Prior to 1 January 2012, patent protection in Brunei was obtained through the re-registration of a patent granted in the United Kingdom, Malaysia or Singapore.  On 1 January 2012, a new Patents Order was enacted in Brunei, which discontinued the re-registration process in favour of a regular patent application filing process.  However, the new Patents Order has transitional provisions which still allow for the re-registration of a United Kingdom, Malaysia or Singapore patent within 1 year of their grant, provided such a patent has a date of filing before 1 January 2012.

The transitional provision, section 115(4)(a) of the new Patents Order, states that the term for re-registered patents is 20 years from “the date of the patent in the United Kingdom, Malaysia or Singapore”.  In Civil Appeal No. 10 of 2013 (Winthrop Pharmaceuticals (M) Sdn Bhd and Shionogi Seiyaku Kabushiki Kaisha), it was argued whether the term "the date of the patent" in section 115(4) meant the date of filing or the date of grant of the re-registered patent.  The Court of Appeal construed the “date of the patent” as the date of grant.

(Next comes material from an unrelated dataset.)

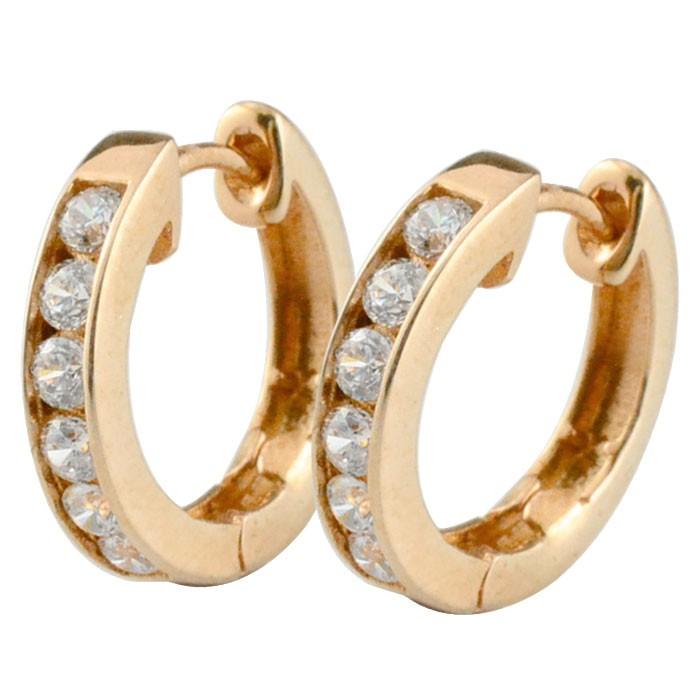 フープピアス 18金 レディース ダイヤモンド ピアス シンプル ピンク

As a result of this decision, the Brunei patent office now calculates the renewal of all Brunei patents, obtained by re-registration, from the date of grant of the re-registered United Kingdom, Malaysia or Singapore patent.  A patentee who is paying renewal fees based on the previous scheme, which calculated the renewal from the date of filing of the re-registered patent, can now pay renewals under the new scheme upon request.  Should the renewal be calculated from the date of grant, a grace period that expires on 1 July 2015 is given for late payment, without the imposition of any late fees.  Nevertheless, the patentee can choose to still remain to pay renewals under the previous scheme.  The Brunei patent office has published a practice note on this change, which can be found in the website: http://www.bruipo.com.bn/images/pdf/references/pratice-note/PracNote2015.pdf

Importantly, the Court of Appeal decision also means that Brunei patents, which were believed to have already expired under the previous term calculation from the date of filing of the re-registered patent, now possibly have a new lease of life.  However, the Brunei patent office appears to have not yet given clear guidance on how such Brunei patents are to be handled.  For instance, would these Brunei patents be automatically in force for the remainder of its new term, if the patentee had already paid all the relevant renewal fees for the entire term of the Brunei patent – but under the previous scheme; or would the patentee still need to pay renewal fees, despite having already made such payment?  We will provide an update should there be any development.